A recent post by the Brooklyn Museum gathered some praise for theoretically looking to engage better with users (Re Foursquare: “It was confusing to have the branded page (that most people didn’t know about) sitting alongside the venue page, which is created and maintained by site users“), however there was more criticism aimed at their strategy because of the destruction of content that it caused. There’s a good summary post by Jeremy Keith in which he explains that the changes didn’t just involve closing accounts – it meant that all contents, interactions, and associated user-generated data was now lost. Irritatingly I read another great post on the matter but now can’t find it – I’m hoping that it’s just misplaced and not gone!

We often talk about ‘breaking the internet’ with regards to the removal of content, and where people do not employ appropriate 301 (or other relevant) redirects. When we move to be deliberately destructive, we take bits of history with us.

Personal responsibility

Exactly how we can preserve everything is a tricky subject, especially when our data is being held by third parties, and is fundamentally linked to others. I suppose that a huge question to be answered is whether it should even be preserved and who should make these decisions – in the case of the Brooklyn Museum, it appears that they simply deemed that existing comments were less important than their content and ongoing engagement. How do we decide when something is worth saving, and has value? All of the huge volumes of data that we’re generating now simply won’t be sustainable to keep forever – as much as storage is ‘cheap’, most companies probably won’t want to keep data for 100 years, simply for sentimental and altruistic anthropological reasons.

We move into especially difficult areas when we start to discuss digital content created by, and ‘owned’ by people who have since died. I’m not aware of any ‘digital inheritance’ laws, but what happens to our blogs, our music and video collections, our tweets and accounts once we pass away? Should they be closed down, left as memorials as many do, and what happens if the service provider then disappears? As our lives become more and more entwined with digital, and the lines between our physical reality and the online world blend, this is something that will likely start to become more important.
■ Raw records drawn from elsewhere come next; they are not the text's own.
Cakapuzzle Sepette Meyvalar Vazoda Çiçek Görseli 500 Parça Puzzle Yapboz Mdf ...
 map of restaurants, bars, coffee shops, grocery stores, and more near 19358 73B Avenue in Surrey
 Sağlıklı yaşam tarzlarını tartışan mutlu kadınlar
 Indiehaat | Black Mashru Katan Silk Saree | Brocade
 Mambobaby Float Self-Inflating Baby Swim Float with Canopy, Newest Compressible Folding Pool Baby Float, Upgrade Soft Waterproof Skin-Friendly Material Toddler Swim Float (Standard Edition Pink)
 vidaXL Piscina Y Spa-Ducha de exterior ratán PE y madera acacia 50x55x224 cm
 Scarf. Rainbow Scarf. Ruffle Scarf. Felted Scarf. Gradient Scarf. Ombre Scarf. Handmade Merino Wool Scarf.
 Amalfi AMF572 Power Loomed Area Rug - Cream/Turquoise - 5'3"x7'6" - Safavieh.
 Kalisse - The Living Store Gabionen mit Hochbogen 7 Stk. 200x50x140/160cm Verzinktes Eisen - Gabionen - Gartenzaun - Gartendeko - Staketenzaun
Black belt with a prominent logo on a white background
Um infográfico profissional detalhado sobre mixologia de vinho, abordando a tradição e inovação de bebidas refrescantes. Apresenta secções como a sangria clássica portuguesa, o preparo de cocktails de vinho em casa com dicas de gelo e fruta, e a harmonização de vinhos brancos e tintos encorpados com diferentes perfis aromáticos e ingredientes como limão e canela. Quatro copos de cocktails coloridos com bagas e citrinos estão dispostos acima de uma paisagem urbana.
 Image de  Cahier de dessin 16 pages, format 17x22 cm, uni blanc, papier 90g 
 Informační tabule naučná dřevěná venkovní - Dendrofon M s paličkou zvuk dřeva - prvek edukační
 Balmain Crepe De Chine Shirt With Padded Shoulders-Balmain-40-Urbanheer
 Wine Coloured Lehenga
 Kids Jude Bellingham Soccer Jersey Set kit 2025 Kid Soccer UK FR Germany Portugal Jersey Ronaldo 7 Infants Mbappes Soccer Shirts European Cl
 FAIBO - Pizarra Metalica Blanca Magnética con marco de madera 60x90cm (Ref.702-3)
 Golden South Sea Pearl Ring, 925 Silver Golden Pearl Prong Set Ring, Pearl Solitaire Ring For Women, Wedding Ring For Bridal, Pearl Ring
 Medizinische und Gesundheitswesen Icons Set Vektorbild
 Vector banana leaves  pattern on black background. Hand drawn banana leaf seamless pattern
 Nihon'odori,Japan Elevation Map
For me, it comes down to whether data matters on a personal level. I collect a lot of data that means something to me, and me only. Things like Tea Tracker, my habit of taking photos of hotel room numbers or ’smoking areas of the world’, or my incessant documentation of everyday, mundane things that would never interest anyone else. I like that one day I’ll be able to look back on my life and see the little details, and hopefully have emotional responses, in the same way that I wouldn’t if I simply documented top-level facts. I’d like for these little things to be preserved for gaming, and with the internet too.

But what happens when that personal data becomes public interest? This article, covering art Andy Warhol created on an Amiga (credit Paul Swain), gives a fascinating insight into digital content that was never publicly released, yet has huge public interest. It was discovered by chance, and may never have been rescued from their obsolete formats otherwise.

Control your information; do what you can for general preservation

The easiest way to ensure that preservation happens, is to control it yourself. Services such as twitter offer a way to download your tweets, rather than relying on them to keep your history safe. If something matters to you, keep it, preserve it, and hope that everything you can’t control is preserved by someone else. This is exactly the reason why I will never get rid of my ancient gadgets, my numerous games consoles (including my amazing Asian multicarts and hacked/ripped off games), or my old mixtapes. I feel we should all try a bit harder to live by the following:

  • Keep your personal responsibility in mind, but also do what you can on a more general level to aid preservation.
  • Don’t destroy the internet.
  • Keep in mind what is meaningless to you may be incredibly important and sentimental to others.
  • Preserve experiences as much as content.